Friday, July 22, 2016

Pickle Time

The summer temps are soaring, the humidity is high, and the cucumber vines are producing abundantly. Two hills, each with eight seeds, are vining up and over the raised beds. The cucumbers play hide and seek with my grandson as he exclaims with glee at spying the biggest and pokiest.

When family and friends refuse to take more, I make what our family calls "bread and butter pickles." Now I wonder if anyone ever ate them with bread and butter. Really, they are better in potato or egg salad. I use a recipe my Mom found in the red and white checked Better Homes and Gardens looseleaf cookbook. My version of this cookbook was published in 1973. The edges and spine are worn and the pages with favorite recipes have smudges from frequent use.

The pickle ingredients are basic: sliced cucumbers, green peppers, and onion. Cover the sliced vegetables with pickling salt and ice and let sit for 3 hours. Then turn on some kitchen music and wash jars. Sing as you drain and combine the veggies with cider vinegar, sugar, mustard seed, turmeric, celery seed. Bring to a boil, put in clean hot jars, screw on lids, and water bath for five minutes. Change the CD and sing with gusto as you clean-up the mess. These pickles aren't hard to make but it does take a good portion of the day. Singing helps pass the time. Mom and I made these without a food processor. We sliced the vegetables by hand, sometimes scraping knuckles or fingers. How fortunate I am to have a food processor for pickles, pesto, garlic, nuts, and other kinds of chopping.

In other garden notes, the basil tastes great while the tomatoes are late in setting on fruit. The healthiest tomato plant is growing out of the compost bins. I think this plant must be from cherry or grape tomato scraps tossed in during early spring. I'm not sure how I'll get in to harvest any tomatoes but I enjoy watching them grow. It is always fun when a plant pops up at the edge of the compost bin.

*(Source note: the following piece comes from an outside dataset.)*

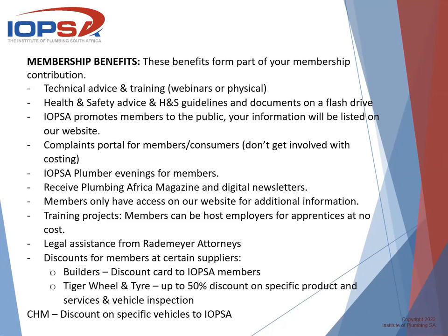We have a compliance portal for members, consumers, and non-members. Note that there are some clauses on our website you need to review. We don't get involved with costing at all. For IOPSA members, there is no extra cost if you lodge a complaint, and even if a consumer or client lodges a complaint, if the company is a member of IOPSA, the same applies.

I'm knitting on a pair of socks and cast on a shawl in a pattern I've wanted to try for some time. I'm pondering my next project from yarn that has been in a storage tote for a long time. The worsted yarn project requires cooler days and a little math. Take good care of yourself and others on these hot crazy summer days.

Tuesday, July 5, 2016

New/Old Projects

This summer I've been knitting a few projects from yarn that has been marinating in storage bins. These mitts are one result of a new/old combination. Sometime in the 1990's, I knit a disaster of a sweater for my daughter. I combined several patterns to make a cabled pullover with set-in sleeves. I knew little about sleeve design but persevered with the sleeve caps several times. What was I thinking? I still couldn't design a sleeve cap anyone would want to wear. The sweater is long gone but the leftover yarn, a blend of merino and border leister, held up well.

Last month, I re-skeined and washed the yarn to remove the crimp from previous stitches. There was enough for two pairs of mitts and one pair of mittens. In my mitten file, I found an old Coats and Clark Book No.192, copyright 1969. The booklet sold for thirty-five cents and contained 39 patterns, most of them rather clunky looking. However, the mitten pattern is a classic and I was happy to rediscover it. The left leaning decrease at the top is a slip one, knit one, pass the slipped stitch over the knit stitch instead of the typical SSK (slip slip knit.) I did substitute the SSK decrease. No doubt, the pattern was written before Barbara Walker invented that decrease. These will be a gift or go to a charity.

Fingerless mitts are good for driving, reading in winter, and walking in Spring and Fall. They make great gifts. I knit a pair of Kindling Mitts, teaching myself how to cable without a needle. Why have I not tried to do this sooner? I also knit these Ribbed Mitts. The pattern is free and well written. This past weekend, I gave the Ribbed Mitts to my daughter on her birthday. Twenty years later, I thought she might like to have something knit from the yarn that is wearable. No puffy sleeves were involved.